I can’t be sick about literary theories and the daunting future of being an academic. I must discover what I want to research and go further: make what is dead appealing and make what is sickening, lively. I need a break from all that is literary, for a moment only short. I am saturated, utterly so.

Alive, alive!

I am losing the flavours I breathe and the sights I taste. I don’t feel tethered by any human connection, by any conscience, by any emotion I want to dispose of so willingly, but, with a metastasising futility. This liberty brings me breeze.

I am reading, reading and reading! ticking texts off literary canons and ingesting delectable syntaxes, intellectual debates about structuralism and humanists’ views! nursery rhymes are made tragedy; tragedy is made simple and independent. Pages that are only less than 300 seem so deathlessly delightful. They make me alive, make me come to terms with the scarcities and plenties I feel within myself. The writing comes alive; I come alive.

I feel insane no more. There is no intensity in emotion, but I am writing. There is no sick obsession with melancholy, but I am writing. I am creating new rules for myself to follow, but break them for evolution.

Golly!

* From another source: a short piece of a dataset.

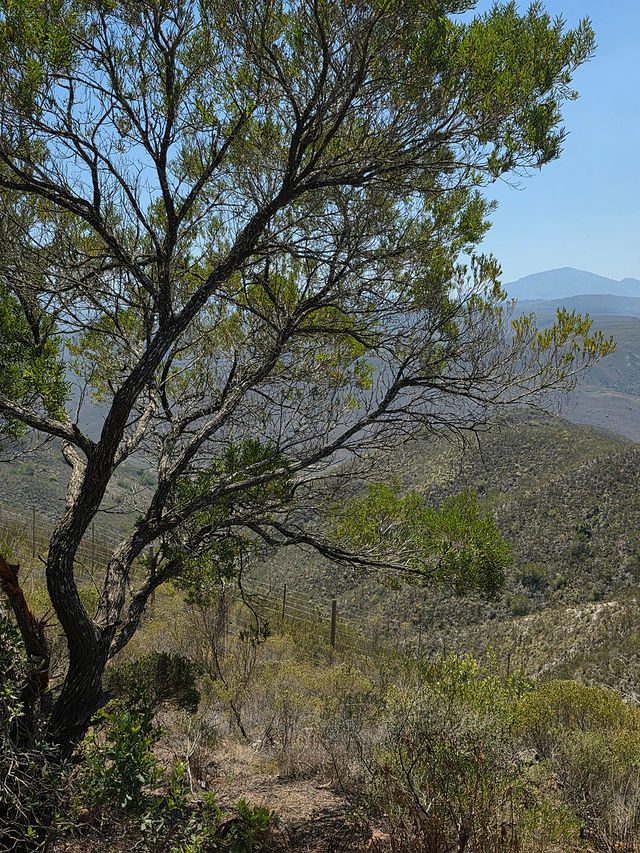 Residential builds — Gondwana Lodge (48)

I have found a great musician just yesterday and everything falls to place, like snow back to lakes.

I saw, I am not

green towel dances in the wind
the windows are slated with dust—
 abhorrently!

iron & wine is my company tonight
my love for indie folk grows again
 out of the sick contemporary
a love for meaning, not for rhythms in disarray

I write like I bleed
keeping thoughts private
but end up keeping them one after another
who are they for anyway;
who gives a damn for bloody literature!

I see it in the mirror and in contemplations
seeking from those who observe
more than I do
a womb of cynicism
I see growth: a different man

a different man I, I
perhaps
so desperately wish
to be

Today, I am liberated

Even after a silent murder, there are still people who seek for answers even if it is for mere talk, people who seek for answers in hopes of challenging that belief, and of course, slighted people who revel in your action because their atypical behaviour has been quasi-validated. 

I guess I feel somewhat liberated. My phone seems to be less burdened, the battery surviving most healthily, and there is no compulsion for embellishments, certainty from nonliving things. I am content, silently content.